9th October 2018
Pittance of 4.6 cent per pupil per day added to school capitation funding
INTO has called for school funding to be restored to pre-recession levels, having dropped to less than one euro per pupil per day. Schools are fundraising to meet basic expenses. Parents contribute enormous amounts of money to keep schools afloat. This funding model is an insult to the children and tax-paying parents of this country, it turns school principals and teachers into fundraisers. While there is a modest restoration, the Government’s increase in school funding of 5% will have no noticeable impact on the crisis in school funding facing schools around the country.
Irish primary schools receive significantly less funding than second and third level institutions. Primary schools get 92 cent per pupil per day to cover their running costs. Second-level schools get almost double that amount. Overall, for every €8 spent on primary schools, €11 is spent at second level and €15 at third level.
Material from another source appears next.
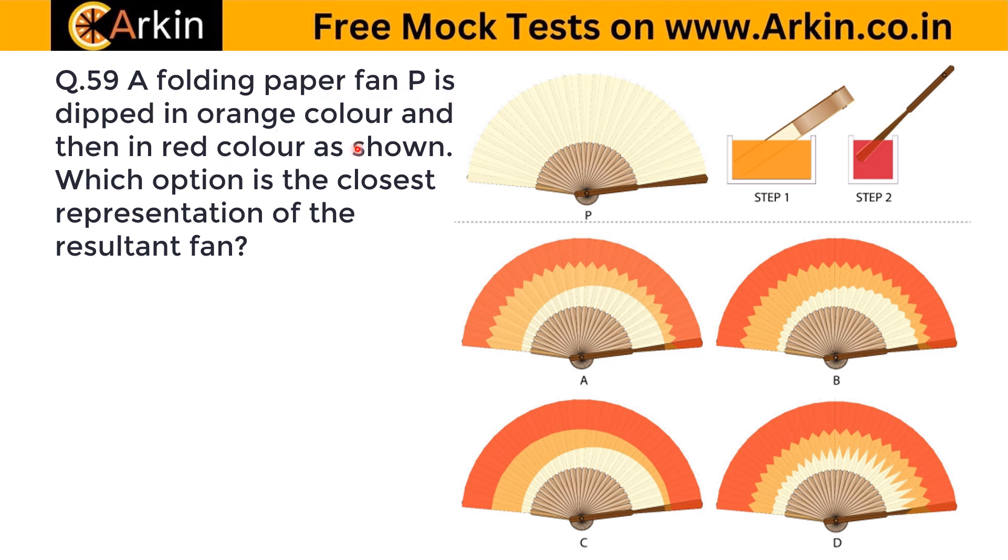A folding paper fan piece is dipped in orange color and then in red color as shown. Which option is the closest representation of the resultant fan? This is a difficult question that requires a lot of observation.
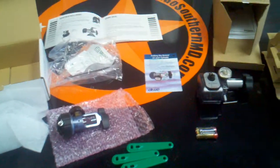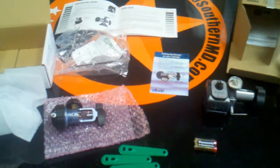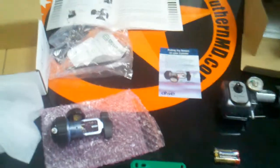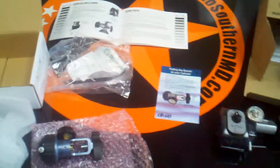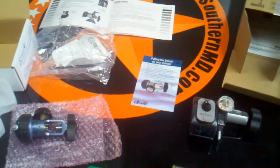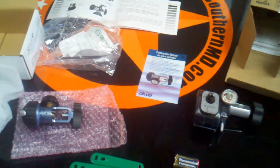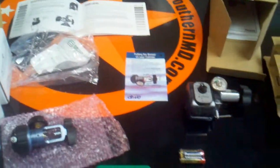Hello, this is GoSouthernMD.com and today I'm going to be showing you two conserving devices and just the differences between the two and the kit it comes in, so that way you can make the right decision on what conserving device you want to get for your portable oxygen tanks. This is the DeVilbiss Pulse Dose.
The Standard Capitation Grant per pupil has dropped from €200 in 2010 to €170 at present – in contrast to the current figure of €296 at post-primary level. Annual expenditure per student in Ireland is lower than the OECD average for pre-primary and primary education. Primary per pupil spend is 10% below EU average.
This funding disparity is grossly unfair and damaging to children’s long-term prospects. Department of Education and Skills funding to primary schools for their day-to-day running costs covers only part of their bill. Parents and local communities are subsidising primary schools to the tune of €46m a year to cover basic costs – not sophisticated extras to enhance learning, but rather basic necessities required to effectively deliver the curriculum.
INTO Secretary General Sheila Nunan said, “While there has been a modest restoration, primary school teachers and parents have been let down by this inadequate increase in the capitation grant. Resulting from this decision, teachers will continue to have to fundraise for basic expenditure in schools and parents will still have to dig deep into their pockets to cough up voluntary contributions.”